__Exercise aim__: Return all the lines below exactly as written. Drop every picture.

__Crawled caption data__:
===============

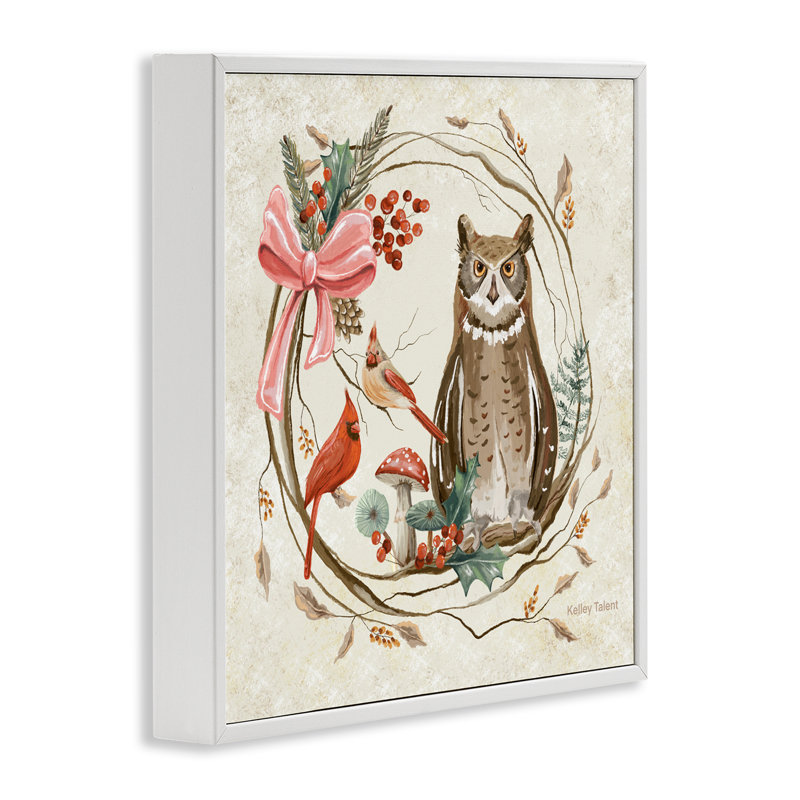 Couronne de bois rustique, giclée encadrée, design par Kelley Talent, H 17 po x l 17 po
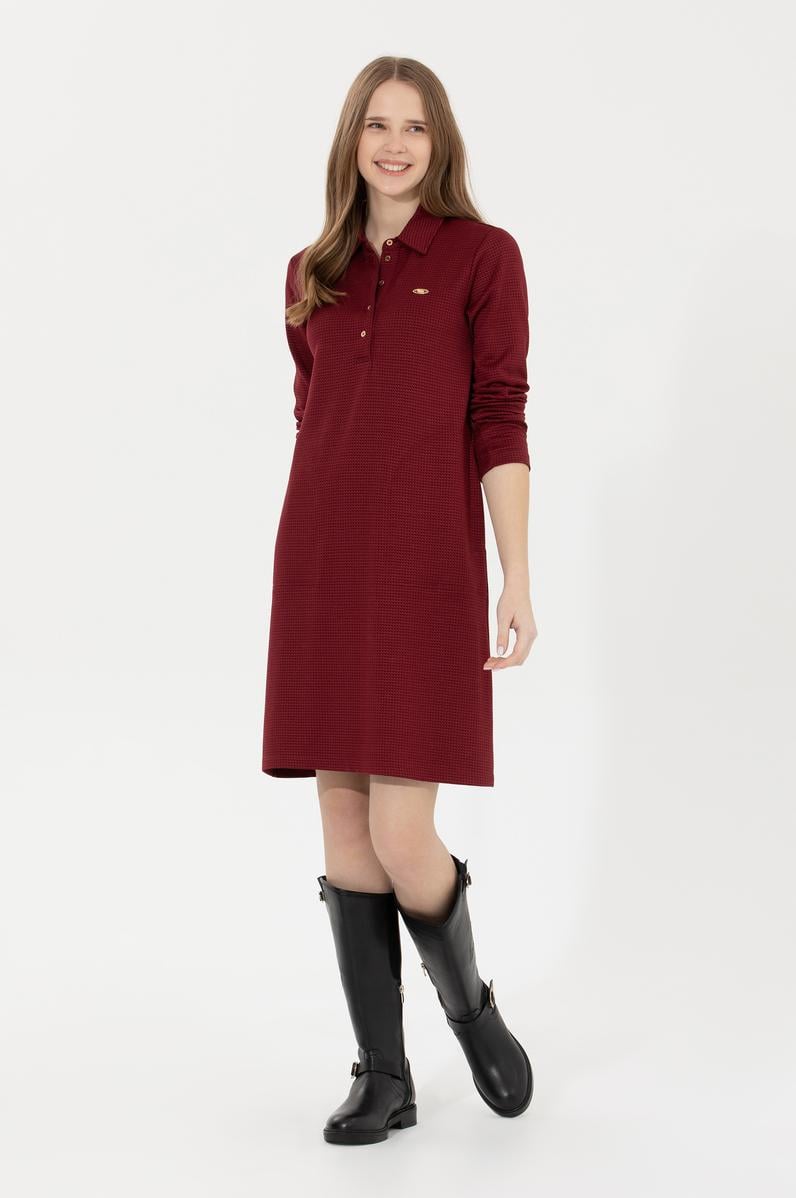 Kadın Vİşne Polo Yaka Örme Elbise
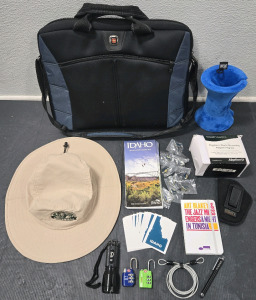 Swiss-Gear Wenger Sherpa 17" Laptop Shoulder Bag, Magellan's World Grounding Adapter Plug Set, Overseas Adventure Travel Sun Hat, & Assorted Travel Items!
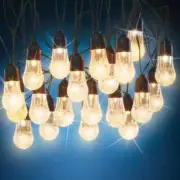 14 Ft. Solar Powered Warm White Bubbles Outdoor Garden Patio String Lights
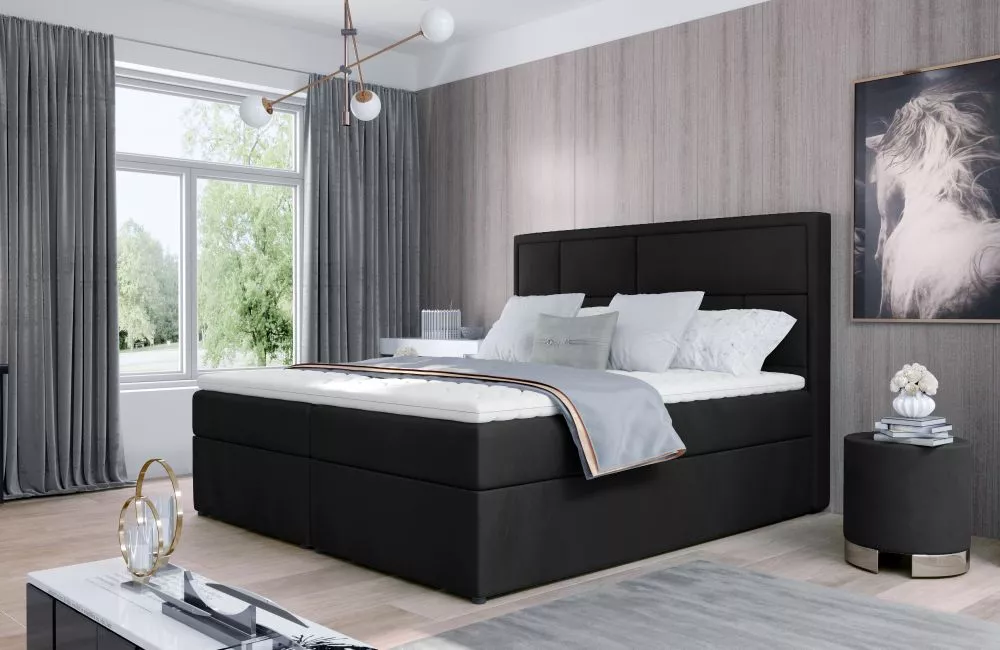 Gulta Meron Boxspring Premium standard Guļamvietas platums: 160 cm, Guļamvietas garums: 200 cm, · Melns · 160 × 215 × 11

===============

__Expected answer__:
 Couronne de bois rustique, giclée encadrée, design par Kelley Talent, H 17 po x l 17 po
 Kadın Vİşne Polo Yaka Örme Elbise
 Swiss-Gear Wenger Sherpa 17" Laptop Shoulder Bag, Magellan's World Grounding Adapter Plug Set, Overseas Adventure Travel Sun Hat, & Assorted Travel Items!
 14 Ft. Solar Powered Warm White Bubbles Outdoor Garden Patio String Lights
 Gulta Meron Boxspring Premium standard Guļamvietas platums: 160 cm, Guļamvietas garums: 200 cm, · Melns · 160 × 215 × 11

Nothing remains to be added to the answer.